Extracted material:

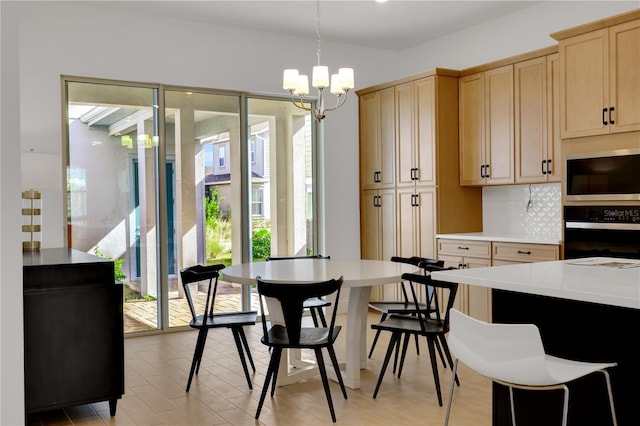 dining space with a notable chandelier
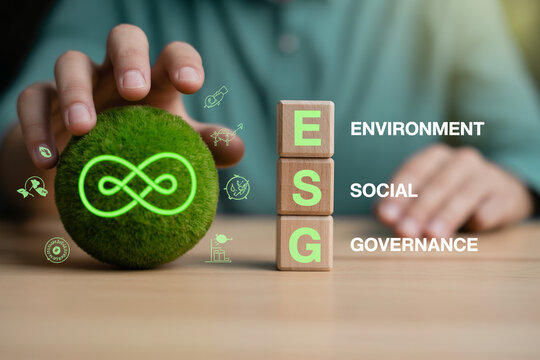 Person touching green sphere with infinity symbol next to wooden blocks with ESG text for sustainability.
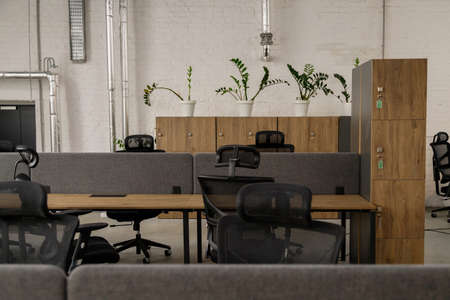 Interior of modern coworking space without people, containing tables and chairsの写真素材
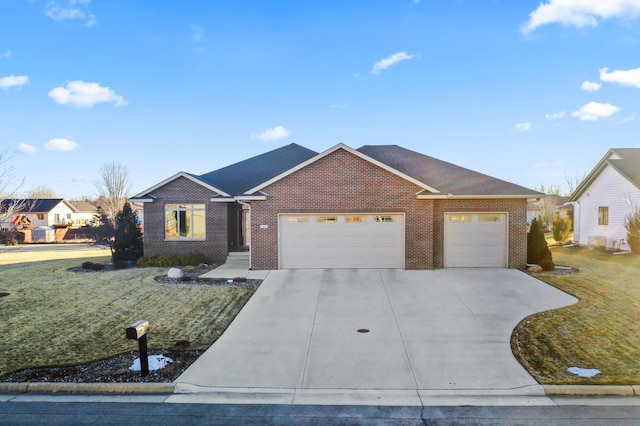 ranch-style house featuring a garage and a front yard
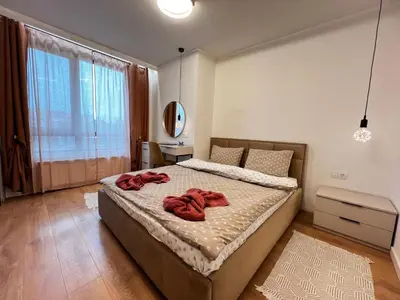 a bedroom with a bed with red towels on it at Barcelona 2BDR Cozy Apt w Working Space near Metro in Sofia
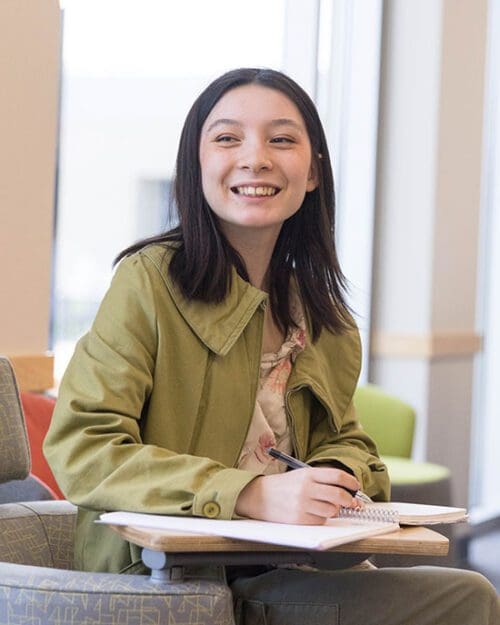 A student in a green jacket and floral shirt sits at a desk. Their hand is resting on an open notebook on the desk. They are holding a pen.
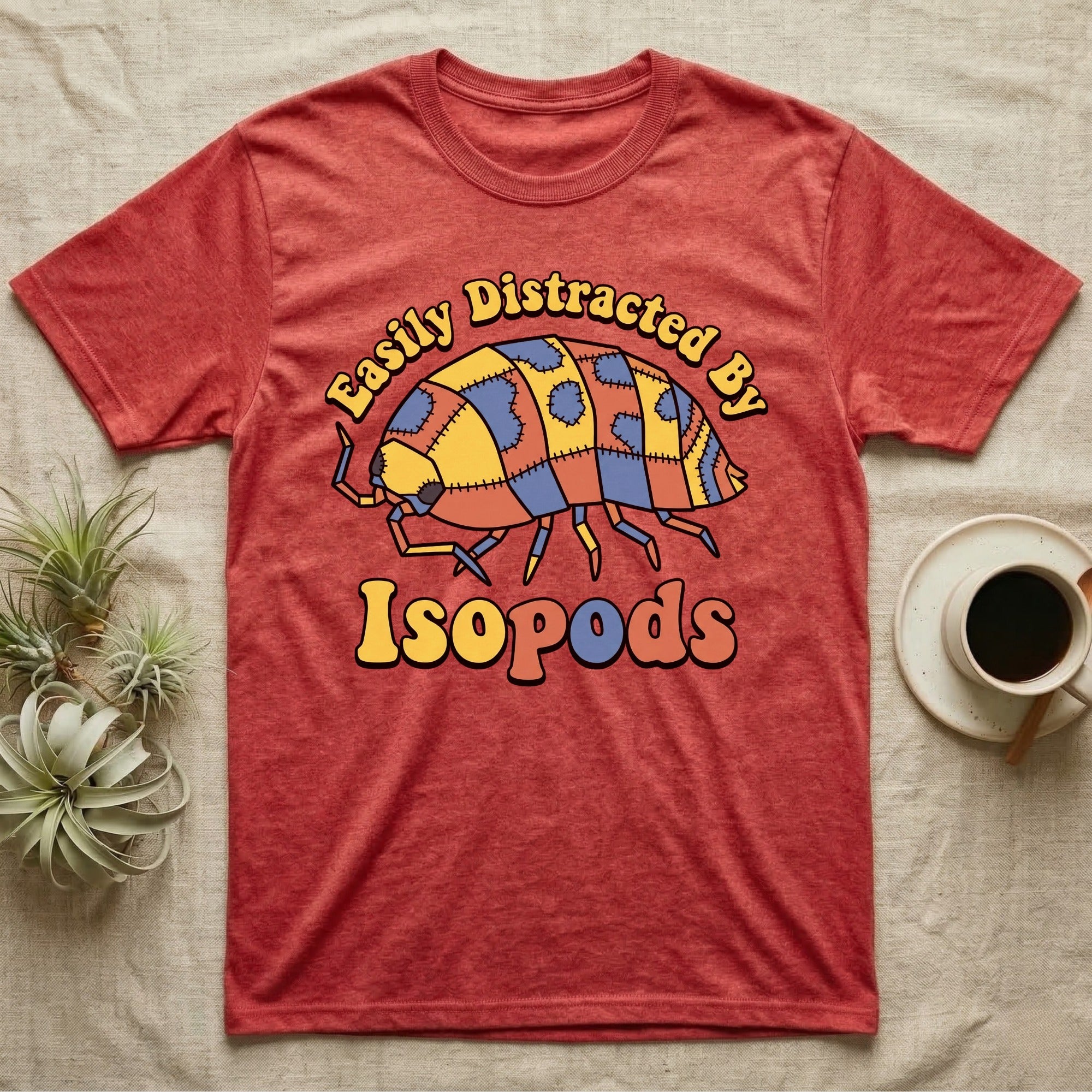 Dairy Cow Isopod Patchwork T-Shirt in Heather Red — Quilt-patchwork dairy cow isopod in mustard and denim under retro "Easily Distracted By Isopods" text.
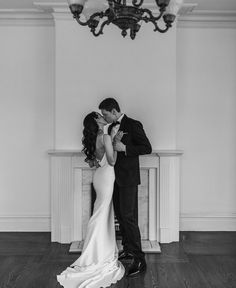 a bride and groom kissing in front of a chandelier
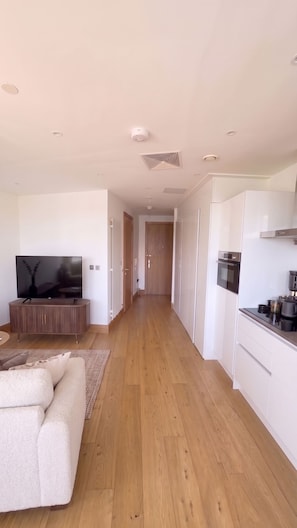 A modern apartment with a living room, a TV, a sofa, a kitchen, and a hallway. - Luxury Canary Wharf Skyline Apartment (London)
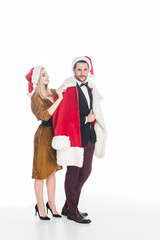 young woman putting santa claus costume on boyfriend isolated on white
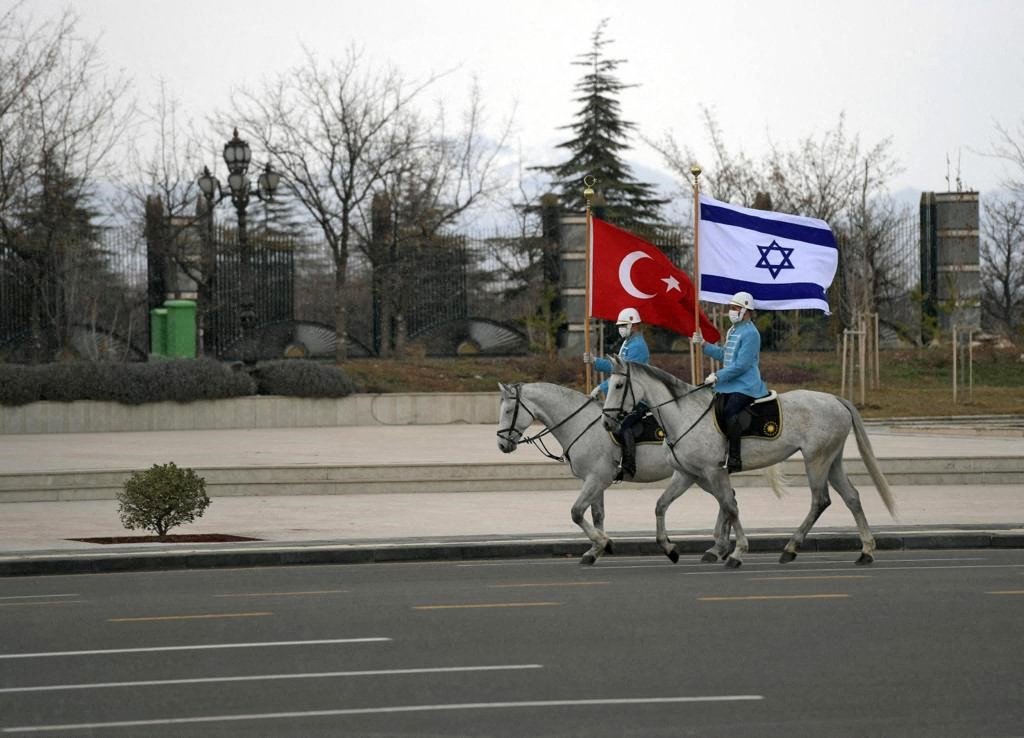 Turkish cavalry guards carrying the Turkish (L) and Israeli flags to welcome the Israeli president in the capital Ankara, Turkey, March 9, 2022. (Handout Photo by Israeli Government Press Office via AFP)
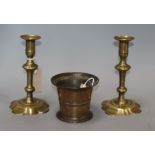 An 18th century bronze mortar and a pair of 18th century brass candlesticks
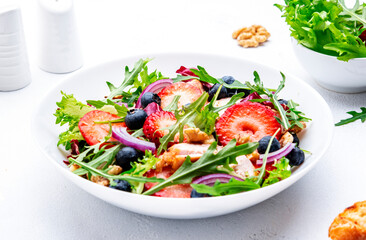 Foodie food salad with strawberry, grilled chicken, arugula, blueberries and walnuts with ciabatta, white table., top view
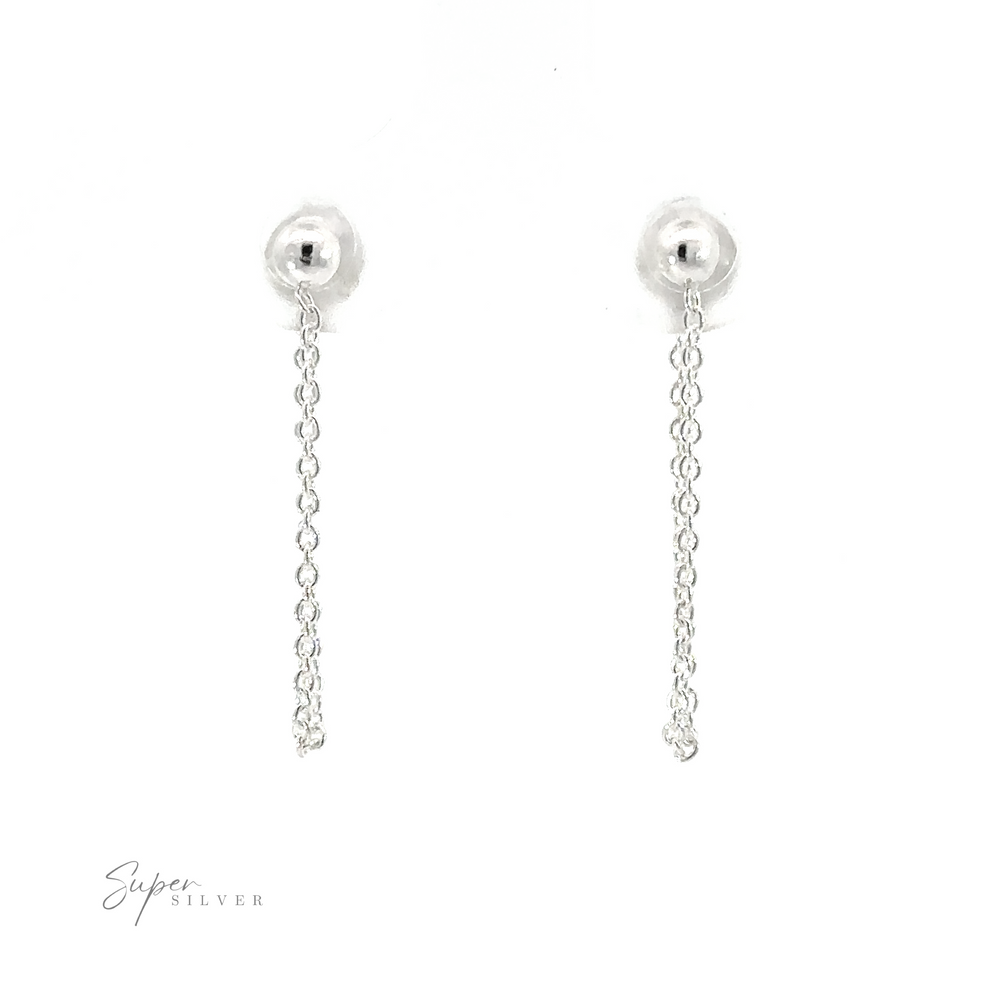 
                  
                    Crafted from .925 sterling silver, these Ball Stud with Dangling Chain earrings exude a minimalist style with their ball and chain design.
                  
                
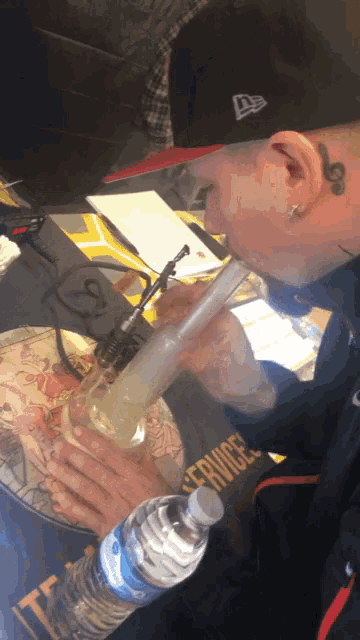 a man is smoking a bong with a bottle of water in front of him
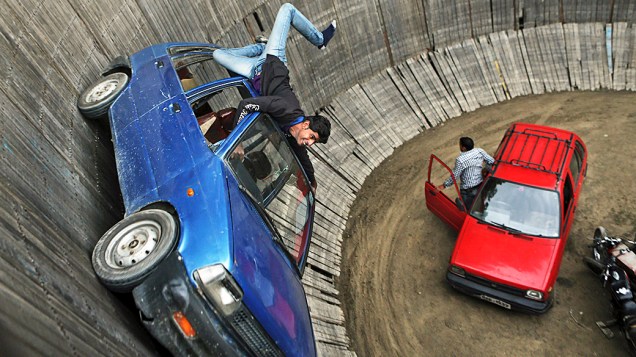 Dublê durante cena de ação em um carro no Poço da Morte, em uma exposição em Srinagar, na Índia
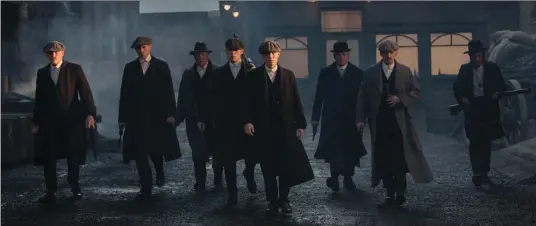  ?? BBC TWO ?? Cillian Murphy, centre, leads a family of gangsters fighting to surpass their modest beginnings and attain respectabi­lity in the British TV series “Peaky Blinders.”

Directions:
Your answer must be everything above from the line with "Person touching green" down to the line with "Foodie food salad", word for word, and no pictures.

Final answer:
 Person touching green sphere with infinity symbol next to wooden blocks with ESG text for sustainability.
 Interior of modern coworking space without people, containing tables and chairsの写真素材
 ranch-style house featuring a garage and a front yard
 a bedroom with a bed with red towels on it at Barcelona 2BDR Cozy Apt w Working Space near Metro in Sofia
 A student in a green jacket and floral shirt sits at a desk. Their hand is resting on an open notebook on the desk. They are holding a pen.
 Dairy Cow Isopod Patchwork T-Shirt in Heather Red — Quilt-patchwork dairy cow isopod in mustard and denim under retro "Easily Distracted By Isopods" text.
 a bride and groom kissing in front of a chandelier
 A modern apartment with a living room, a TV, a sofa, a kitchen, and a hallway. - Luxury Canary Wharf Skyline Apartment (London)
 young woman putting santa claus costume on boyfriend isolated on white
 Turkish cavalry guards carrying the Turkish (L) and Israeli flags to welcome the Israeli president in the capital Ankara, Turkey, March 9, 2022. (Handout Photo by Israeli Government Press Office via AFP)
 An 18th century bronze mortar and a pair of 18th century brass candlesticks
 Foodie food salad with strawberry, grilled chicken, arugula, blueberries and walnuts with ciabatta, white table., top view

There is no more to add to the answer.